------ DATA LISTING

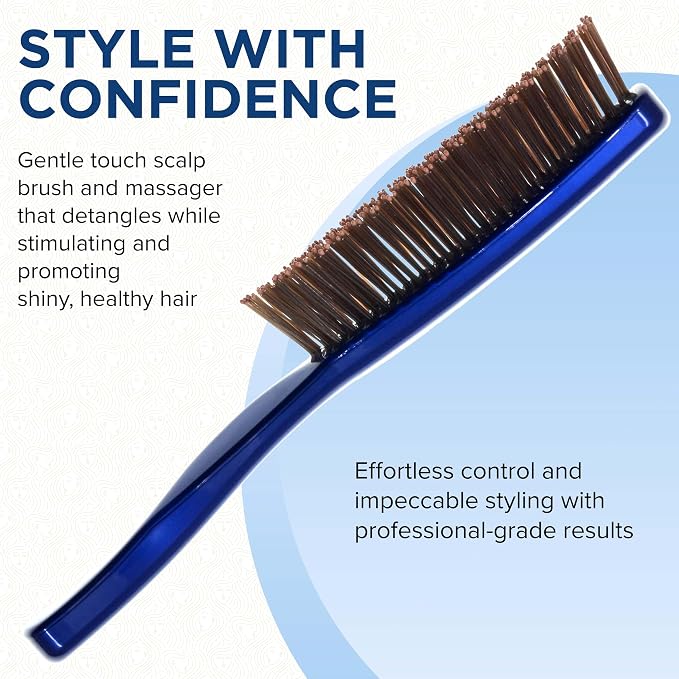 Giorgio Gentle Blue Full Size Hair Brush – 7.75 Inch, Men, Women & Kids, Detangler for Fine, Thick & Curly Hair, Scalp Massager, Travel Hair Brush, All Hair Types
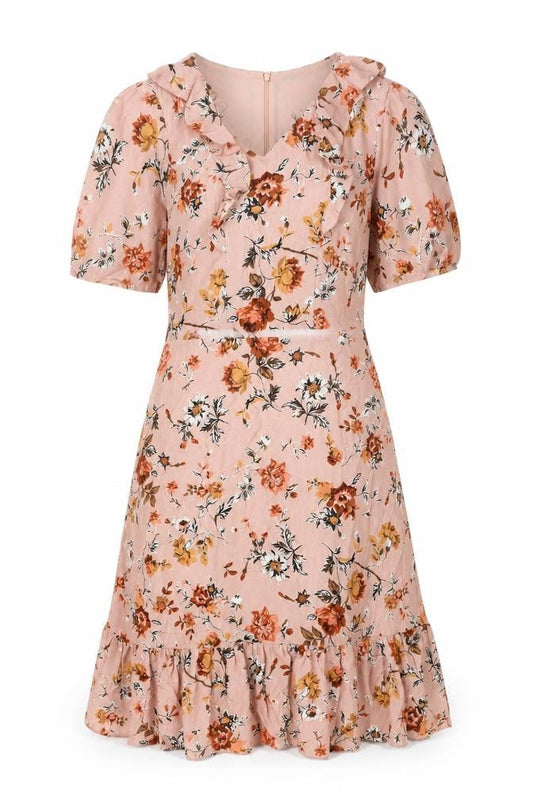 Laura Ashley Women's Pink Floral Fit & Flare Knee Length Dress UK 8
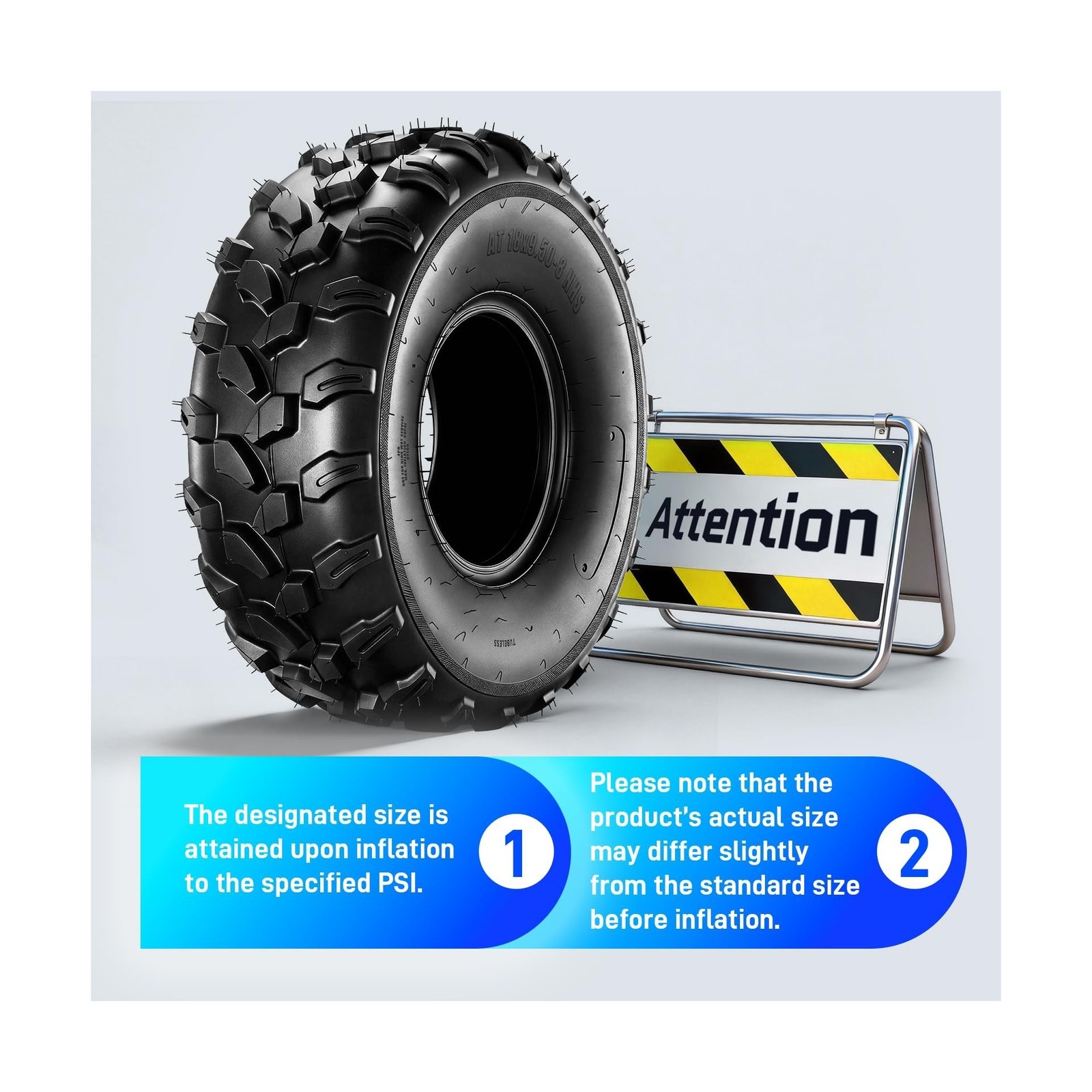 18×9.50-8 ATV Tires,4PR All-Terrain Tires,Tubeless,Pack of 2 | 18×9.50×8 ATV …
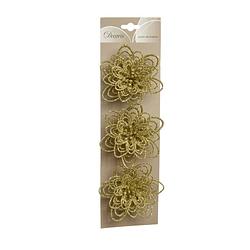 Foto van 3x stuks decoratie bloemen goud glitter op clip 11 cm - kersthangers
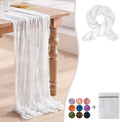 White Cheesecloth Table Runner 1 Pack 35" Boho Gauze 120 inches Long Runner Rustic Sheer Fabric Bulk for Baby Shower Wedding Bridal Birthday Party Picnic Table Decorations by Waligoy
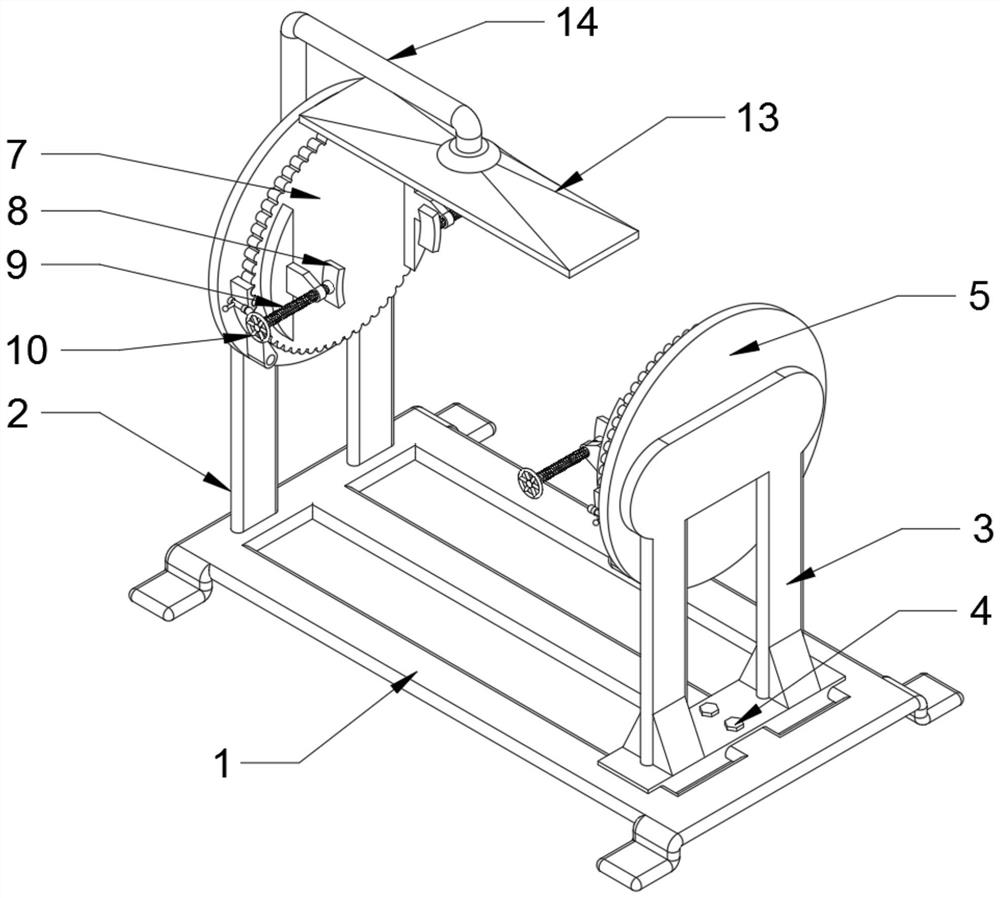 An auxiliary device for welding and assembly of automobile parts that can be rotated and adjusted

------------

_TASK OBJECTIVE_
The answer should consist solely of the lines from the one containing "White Cheesecloth Table" through the last line of the material, copied exactly, with pictures left out.

_TASK ANSWER_
 White Cheesecloth Table Runner 1 Pack 35" Boho Gauze 120 inches Long Runner Rustic Sheer Fabric Bulk for Baby Shower Wedding Bridal Birthday Party Picnic Table Decorations by Waligoy
 An auxiliary device for welding and assembly of automobile parts that can be rotated and adjusted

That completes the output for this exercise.